The response should be the data again, identical in every line.

(Beginning of DATA SECTION)

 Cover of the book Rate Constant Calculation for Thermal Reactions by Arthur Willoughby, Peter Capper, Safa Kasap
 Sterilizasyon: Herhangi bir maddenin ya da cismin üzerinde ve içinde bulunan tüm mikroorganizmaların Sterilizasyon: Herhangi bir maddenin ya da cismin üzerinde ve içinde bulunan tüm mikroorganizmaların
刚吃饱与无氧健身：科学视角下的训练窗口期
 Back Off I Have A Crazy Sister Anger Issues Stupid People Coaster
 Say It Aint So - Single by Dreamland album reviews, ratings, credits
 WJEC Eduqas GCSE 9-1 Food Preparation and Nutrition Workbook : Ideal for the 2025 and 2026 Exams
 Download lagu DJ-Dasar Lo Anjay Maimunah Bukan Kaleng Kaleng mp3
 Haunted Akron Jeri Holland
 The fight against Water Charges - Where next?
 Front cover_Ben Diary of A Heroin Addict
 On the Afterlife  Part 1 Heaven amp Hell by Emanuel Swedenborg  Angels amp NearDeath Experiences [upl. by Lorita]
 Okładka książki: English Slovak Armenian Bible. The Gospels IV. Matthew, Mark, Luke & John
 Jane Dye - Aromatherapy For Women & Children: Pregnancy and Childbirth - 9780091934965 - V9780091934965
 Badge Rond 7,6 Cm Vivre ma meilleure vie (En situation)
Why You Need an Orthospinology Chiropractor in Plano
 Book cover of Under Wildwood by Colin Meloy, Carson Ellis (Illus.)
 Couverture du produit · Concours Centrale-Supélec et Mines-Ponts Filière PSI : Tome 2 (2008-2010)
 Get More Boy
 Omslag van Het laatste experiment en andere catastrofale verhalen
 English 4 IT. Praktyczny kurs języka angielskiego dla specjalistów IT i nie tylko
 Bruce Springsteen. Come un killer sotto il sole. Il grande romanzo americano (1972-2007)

(End of DATA SECTION)

RESULT OF THIS TASK:
 Cover of the book Rate Constant Calculation for Thermal Reactions by Arthur Willoughby, Peter Capper, Safa Kasap
 Sterilizasyon: Herhangi bir maddenin ya da cismin üzerinde ve içinde bulunan tüm mikroorganizmaların Sterilizasyon: Herhangi bir maddenin ya da cismin üzerinde ve içinde bulunan tüm mikroorganizmaların
刚吃饱与无氧健身：科学视角下的训练窗口期
 Back Off I Have A Crazy Sister Anger Issues Stupid People Coaster
 Say It Aint So - Single by Dreamland album reviews, ratings, credits
 WJEC Eduqas GCSE 9-1 Food Preparation and Nutrition Workbook : Ideal for the 2025 and 2026 Exams
 Download lagu DJ-Dasar Lo Anjay Maimunah Bukan Kaleng Kaleng mp3
 Haunted Akron Jeri Holland
 The fight against Water Charges - Where next?
 Front cover_Ben Diary of A Heroin Addict
 On the Afterlife  Part 1 Heaven amp Hell by Emanuel Swedenborg  Angels amp NearDeath Experiences [upl. by Lorita]
 Okładka książki: English Slovak Armenian Bible. The Gospels IV. Matthew, Mark, Luke & John
 Jane Dye - Aromatherapy For Women & Children: Pregnancy and Childbirth - 9780091934965 - V9780091934965
 Badge Rond 7,6 Cm Vivre ma meilleure vie (En situation)
Why You Need an Orthospinology Chiropractor in Plano
 Book cover of Under Wildwood by Colin Meloy, Carson Ellis (Illus.)
 Couverture du produit · Concours Centrale-Supélec et Mines-Ponts Filière PSI : Tome 2 (2008-2010)
 Get More Boy
 Omslag van Het laatste experiment en andere catastrofale verhalen
 English 4 IT. Praktyczny kurs języka angielskiego dla specjalistów IT i nie tylko
 Bruce Springsteen. Come un killer sotto il sole. Il grande romanzo americano (1972-2007)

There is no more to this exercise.